Abstract
Two thousand and ninety-eight gravitational and magnetic stations were established to study the regional extent and distribution of large-scale anomaly variations and also the effect of local geologic structural and lithologic variations on the observed anomalies. About half the stations were distributed with an average station spacing of 4 miles on profiles across an area extending from the northern tip of New Jersey to Cape Cod, Massachusetts, and southward to Cape Henlopen, Delaware, Washington, D. C., and Harrisburg, Pennsylvania. The balance of the stations were concentrated in a strip 4 miles wide extending from Barnegat Bay to Phillipsburg, New Jersey, with a station spacing of .3 mile on traverses about a mile apart.

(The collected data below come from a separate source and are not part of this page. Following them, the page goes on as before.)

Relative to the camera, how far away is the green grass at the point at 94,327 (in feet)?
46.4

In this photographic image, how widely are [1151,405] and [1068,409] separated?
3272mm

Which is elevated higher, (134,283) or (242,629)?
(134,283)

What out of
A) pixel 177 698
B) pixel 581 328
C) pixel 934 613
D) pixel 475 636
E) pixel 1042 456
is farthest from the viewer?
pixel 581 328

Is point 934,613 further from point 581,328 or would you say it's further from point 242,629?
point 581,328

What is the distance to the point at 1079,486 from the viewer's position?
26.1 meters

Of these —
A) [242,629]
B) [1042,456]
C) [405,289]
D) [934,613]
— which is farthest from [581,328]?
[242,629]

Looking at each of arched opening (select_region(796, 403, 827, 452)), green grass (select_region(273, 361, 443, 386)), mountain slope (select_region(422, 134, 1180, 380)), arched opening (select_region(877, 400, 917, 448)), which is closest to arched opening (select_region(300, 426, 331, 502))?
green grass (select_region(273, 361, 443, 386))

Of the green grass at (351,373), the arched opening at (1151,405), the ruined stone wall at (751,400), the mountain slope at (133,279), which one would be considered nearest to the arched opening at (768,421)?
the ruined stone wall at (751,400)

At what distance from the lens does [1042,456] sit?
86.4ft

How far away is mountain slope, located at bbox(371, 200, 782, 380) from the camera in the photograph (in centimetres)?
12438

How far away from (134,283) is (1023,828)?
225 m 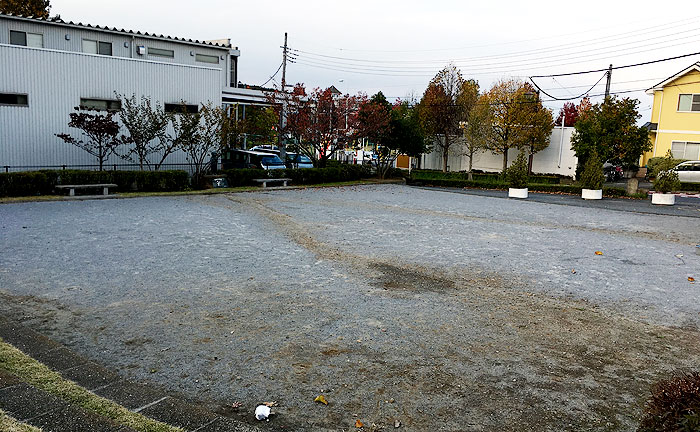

The survey shows several previously unknown anomaly areas as well as the extent of those from known earlier investigations, and the trend of all these anomalous areas parallels the structural trends of the Appalachian Mountain system. On the more detailed survey marked local anomalies are superimposed upon the large regional features. These local variations reach their greatest magnitude in the area of exposed pre-Cambrian and Lower Paleozoic rocks, and these same lithologic types appear to control the, local anomalies in both the Triassic and Coastal Plain areas except where there is intrusive diabase. Depth of sediments, structural displacement, and basement surface configuration apparently exert only a minor control in these areas on the anomalies as compared to the basement lithology. Similarly, the large regional anomalies appear to be related to intra-basement lithologic variations.